Given material:
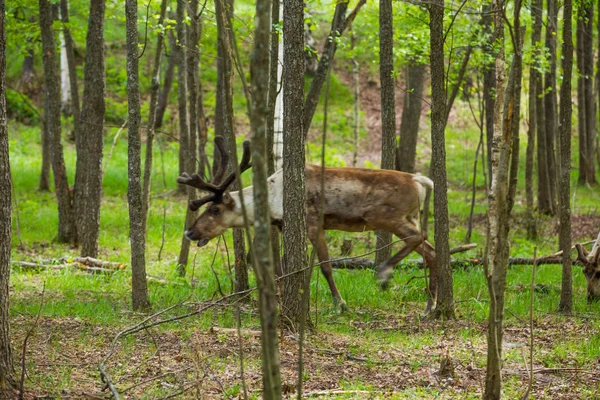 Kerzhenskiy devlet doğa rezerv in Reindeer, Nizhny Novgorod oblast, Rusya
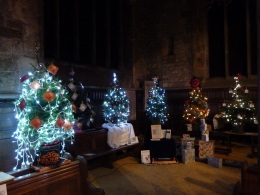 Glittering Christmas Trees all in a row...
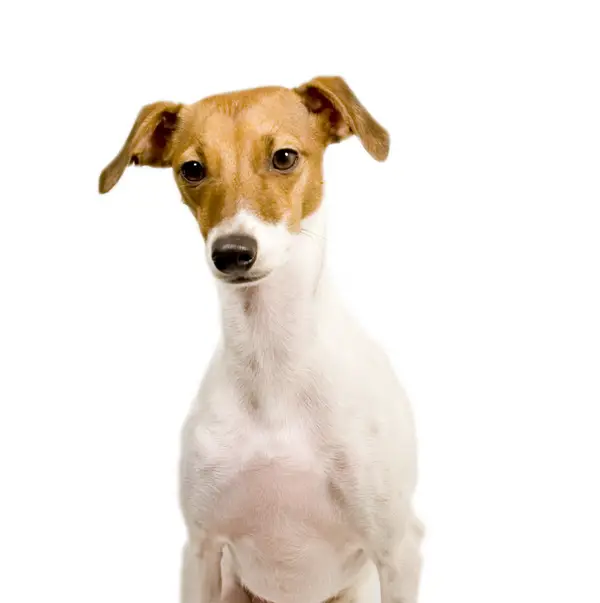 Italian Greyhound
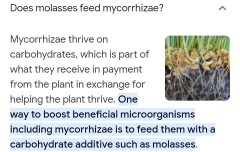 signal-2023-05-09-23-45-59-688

About this task: Your task is to retype exactly, and only, the lines from the one that holds "Glittering Christmas Trees all in a row..." through the end of the listing, both end lines included, without any pictures.

Solution to the problem:
 Glittering Christmas Trees all in a row...
 Italian Greyhound
 signal-2023-05-09-23-45-59-688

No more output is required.